Collected data entries
####

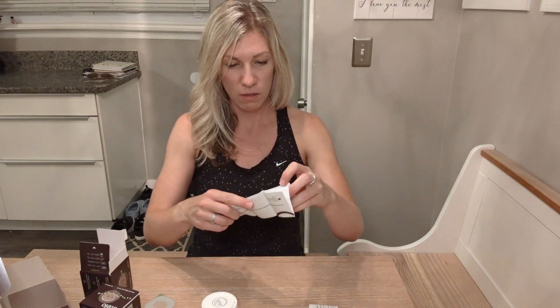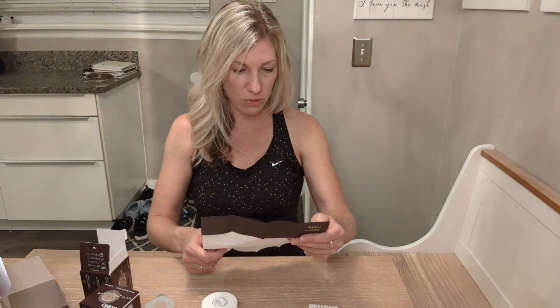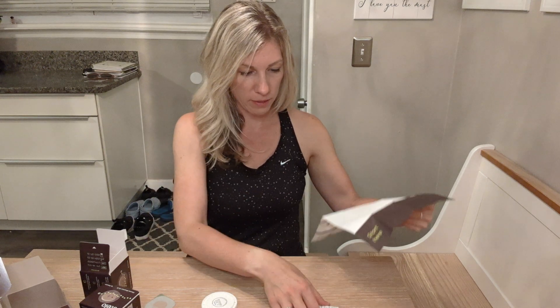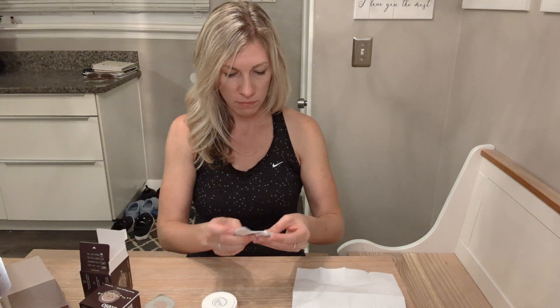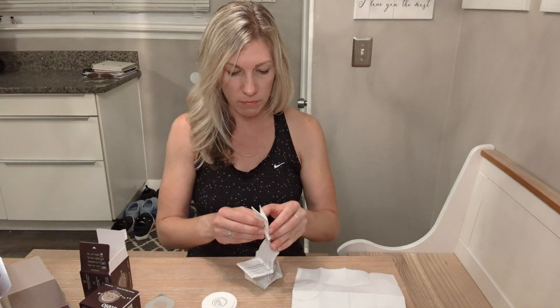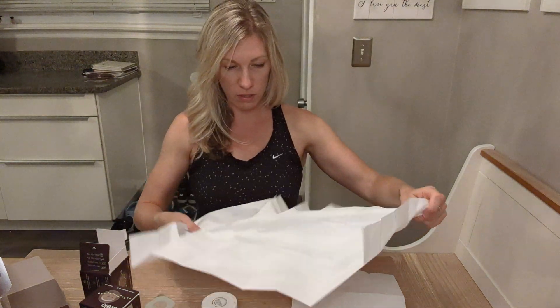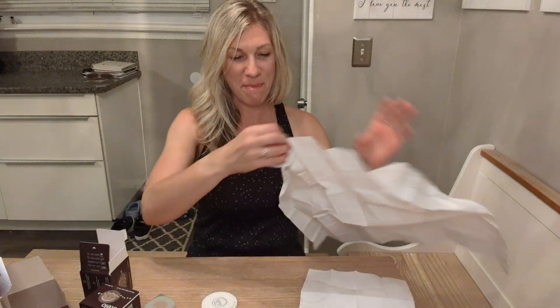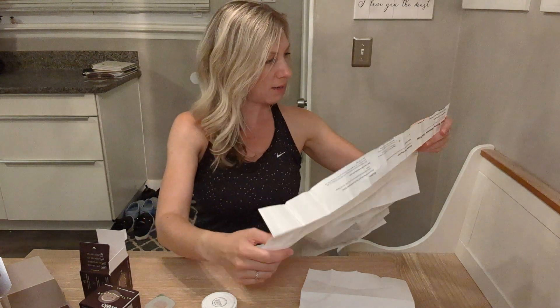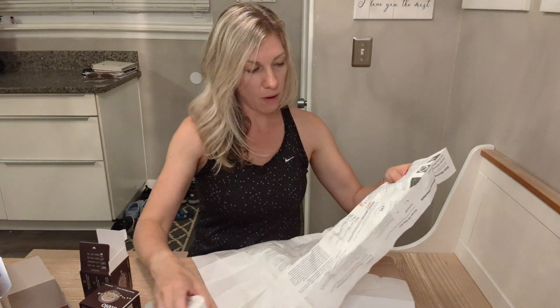There's a nice little start-here booklet. It says if you're just getting started, download the Stello by Dexcom app, which I have done. I'm sure I could follow the step-by-step directions on my phone, but I need my phone to record this, so we're going to go through the old-fashioned map directions. It says: choose your sensor site — insert your sensor on the back of your upper arm.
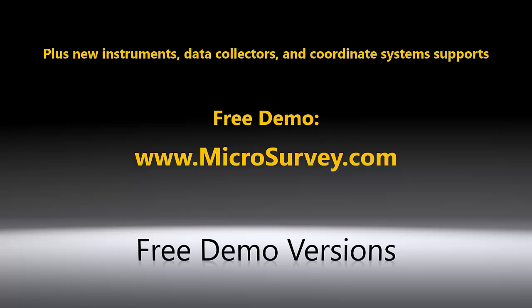Finally, we have also added support for new instruments, data collectors, and coordinate systems. You can find details about this release in our release notes, and the free demo version can be downloaded from our website with all the features enabled. There are many more exciting features planned for the future service packs, so please keep checking back with us.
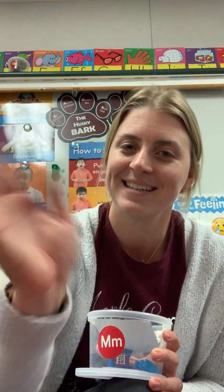All right, friends. That's our letter M. See you later. Bye. Bye-bye.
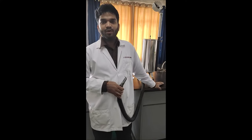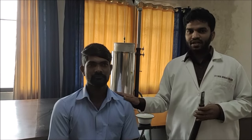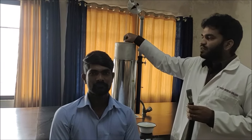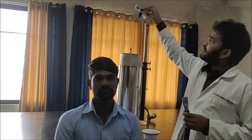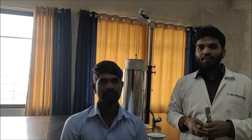Good morning everyone. Today I'm going to take the practical on the topic of spirometry. Requirements for spirometry recording: we require aseptic solution, the mouthpiece should be rinsed thoroughly, give proper instructions to the subject, check that the floating drum is moving properly, and before that we want to pour water in it so the floating drum works smoothly.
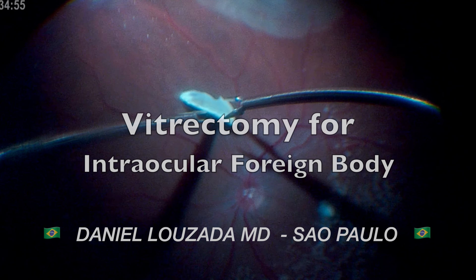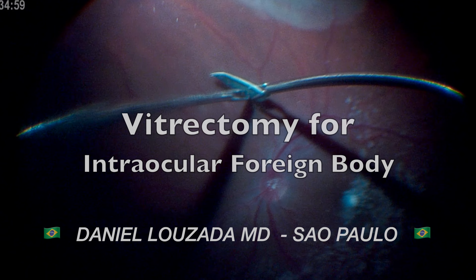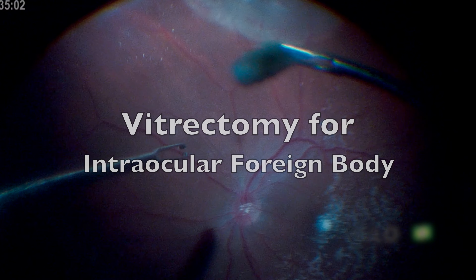In this video, shared by Dr. Daniel Lozada from Sao Paulo, Brazil, we will discuss the surgical management of a case of ocular trauma with intraocular foreign body.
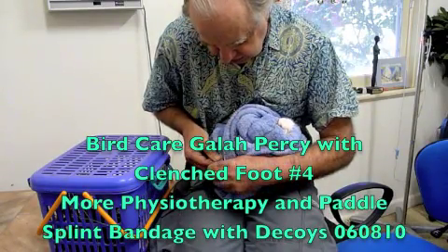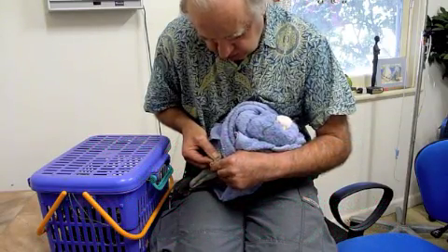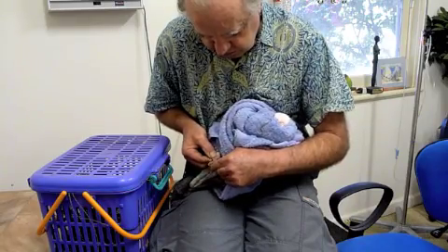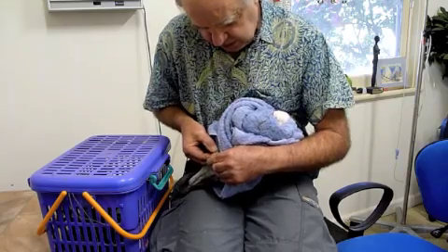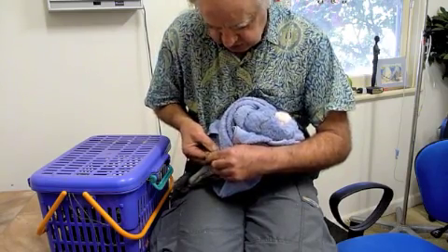The rear toes in the normal standing position. I'm now doing some work on the equivalent of our heel, commonly called the hock joint. It's not truly a hock, but the tibiotarsus, which is this bone here, and the tarsometatarsus, which is this one here.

####

Repeat only the lines between the top of the entries above and the line containing "Good morning everyone.", both ends included, without the pictures.

# THE ANSWER:
There's a nice little start-here booklet. It says if you're just getting started, download the Stello by Dexcom app, which I have done. I'm sure I could follow the step-by-step directions on my phone, but I need my phone to record this, so we're going to go through the old-fashioned map directions. It says: choose your sensor site — insert your sensor on the back of your upper arm.
Finally, we have also added support for new instruments, data collectors, and coordinate systems. You can find details about this release in our release notes, and the free demo version can be downloaded from our website with all the features enabled. There are many more exciting features planned for the future service packs, so please keep checking back with us.
All right, friends. That's our letter M. See you later. Bye. Bye-bye.
Good morning everyone. Today I'm going to take the practical on the topic of spirometry. Requirements for spirometry recording: we require aseptic solution, the mouthpiece should be rinsed thoroughly, give proper instructions to the subject, check that the floating drum is moving properly, and before that we want to pour water in it so the floating drum works smoothly.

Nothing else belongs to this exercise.